La question du lieu de travail reste particulière et problématique. Plus précisément, ce n’est pas tant le lieu de travail en lui-même qui constitue un pilier du contrat de travail, que le secteur géographique. Ainsi, l’employeur conserve le pouvoir de muter le salarié (donc, de changer le lieu de travail), à l’intérieur d’un même secteur géographique. Au-delà, de ce secteur dit géographique, la mutation (hors clause de mobilité) constituera une modification du contrat de travail que le salarié pourra donc décliner. La notion de secteur géographique dépend largement des circonstances, varie donc au cas par cas et demeure largement imprécise ; il n’existe pas de définition générale du secteur géographique, ce qui en pratique peut se révéler grandement problématique. La Cour de cassation a ainsi considéré que la mutation s’opérait dans le secteur géographique et s’imposait donc au salarié, pour un transfert du lieu de travail dans la même agglomération (Cass soc 17 juin 1998, n° 96-42976), dans la couronne urbaine d’un chef-lieu de département (Cass soc 3 mai 2006, n° 04-41880), de Versailles à Chartres (Cass soc 1er juillet 1998, n° 96-42989) ou de Malakoff à Courbevoie (Cass soc 20 octobre 1998, n° 96-40757). Différemment, il y a modification du contrat de travail (en l’absence de clause de mobilité) et le salarié peut donc refuser une mutation de Lyon à Paris (Cass soc 27 mai 1998, n° 96-40929) ou un déplacement du lieu de travail de 58 kilomètres (Cass soc 4 janvier 2000, n° 97-45647). En dépit de cette grande variété, il semblerait que les juges apprécient l’ampleur du secteur géographique au regard de la nature et du degré de responsabilité du salarié (Cass soc 22 janvier 2003, n° 00-43826).

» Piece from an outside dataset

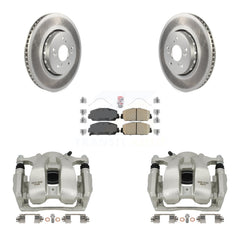 Transit Auto KCG-100496N Disc Brake Kit for 2016-2018 Acura RDX - Front product image
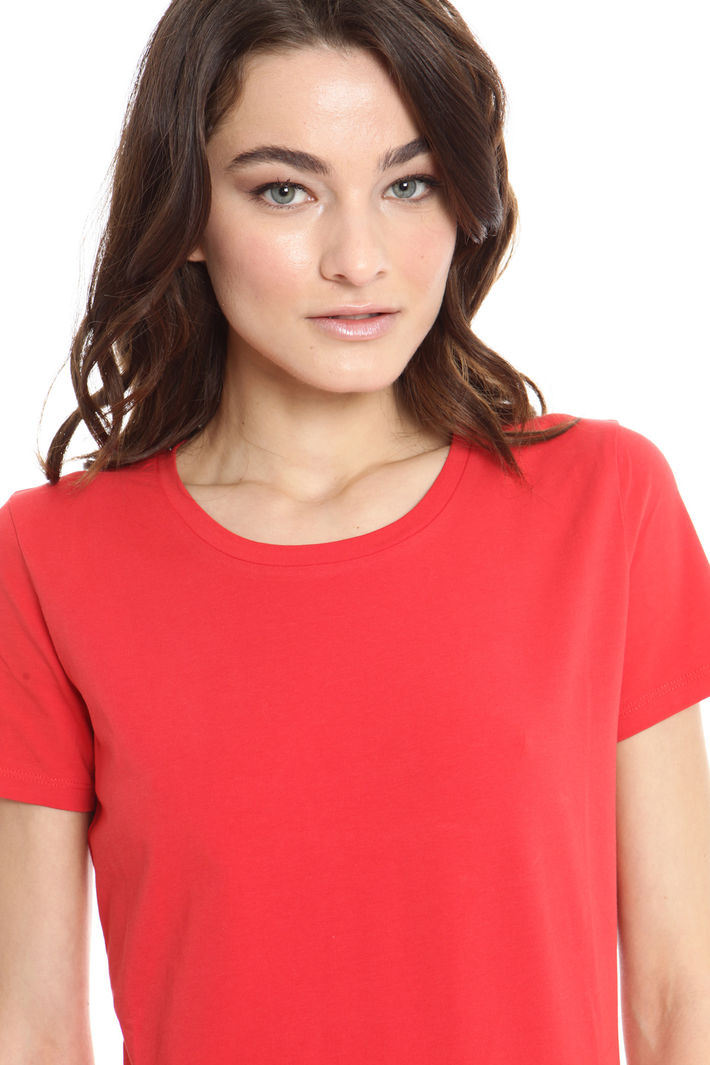T-shirt basic in cotone Fashion Market T-shirt basic in cotone Fashion Market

Enfin, il convient de noter que l’indication d’un lieu de travail sur le contrat de travail n’exclut pas nécessairement la possibilité pour l’employeur de muter le salarié. Cette mention n’a valeur que d’une information, à moins qu’il ne soit stipulé, par une clause claire et précise, que le salarié exécutera son travail exclusivement dans ce lieu (Cass soc 3 juin 2003, n° 01-43573)… ce qui est rarement le cas.
Soumis à la bonne foi des parties, à la liberté contractuelle des protagonistes, mais également à l’appréciation des juges, le contrat de travail est donc un instrument important et constant de régulation des relations professionnelles entre l’employeur et le salarié : le « contractualisme » demeure essentiel en droit (Supiot A., 2005, p. 142).